Warren Stephens, an American businessman who founded and runs his own investment bank, made the following observation. “In our experience, what we have found the rarest commodity is a good management team. And good management teams manage through good and bad cycles and manage to grow their business over a long period of time.”
This is a man who runs his slide rule over businesses every day, whether it be for acquisitions, mergers, IPOs or other corporate transactions. It’s interesting that he rarely finds a strong management team in the businesses he deals with and advises. A strong management team is one of the most vital things you need to get in place when building and growing your business and yet it’s one of the hardest things to get right.
When you start out, it’s natural that most of the management strategy and decision making falls to you – after all, you’ve been the one with the vision and the drive to start the company and to build the business in the first place. But there comes a point along the way where, for the business to grow, you need to start building a management team. And not just any old management team, but a strong management team with the right mix of personalities, skills and experience.
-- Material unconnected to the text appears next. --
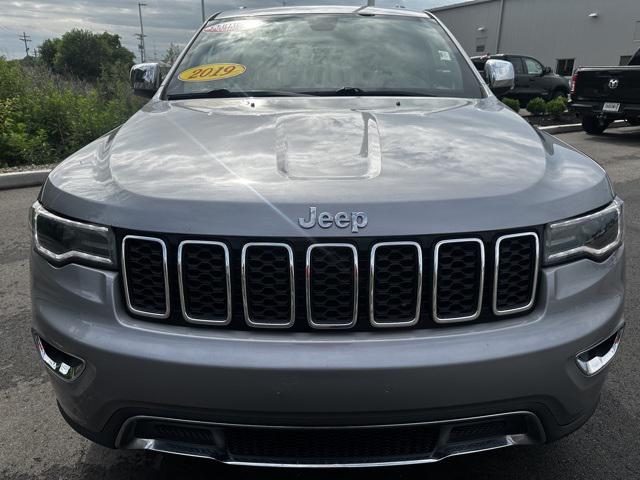 used 2019 Jeep Grand Cherokee car, priced at $19,495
It’s important to realise that you won’t get every management appointment right. Some people can talk a good game but fail to deliver in practice, whilst others may not come over as well at interview but are nonetheless highly effective in the role. It takes time and experience to learn what type of person works and doesn’t work in your business and also that depends on the role in question.
It’s also essential to remember that as the business grows, your management team may need to change over time as well. You may find that someone who is brilliant at managing five people or ten people is hopelessly out of their depth when their team grows to fifty people. As the leader in the business you need to be on the constant watch out for the warning signs that someone is struggling or that the department and consequent responsibilities have grown too much for them.
At that point, you have two options – if you think it’s a skills issue but the person has promise, you may want to invest in training and development to help him or her move up to the next level. But if you think they’ve reached their ceiling, then it may be time to say goodbye if you want your business to continue to grow and flourish with the right leadership.
At Peninsula, I look around my management team and I’m really proud of the depth of expertise they embody. I have a huge amount of confidence in their abilities, judgement and professionalism. It’s been a long road to build the right team but I don’t think we’ve ever had a stronger group running the business across the different departments and the many regions and countries where we are now present.
Management is always a balancing act – as the leader of the business you need to give people enough room to grow, to develop, to make their own decisions and sometimes to make their own mistakes. But you also need not to allow them too much leeway, so that the business is never at any overall risk from poor individual decision making – because ultimately that’s your responsibility.
Theodore Roosevelt said: “The best executive is the one who has sense enough to pick good people to do what he wants done, and self-restraint to keep from meddling with them while they do it.” I’d add a caveat – hire the best people you possibly can and be sure to avoid meddling, but never take your eye off the ball either.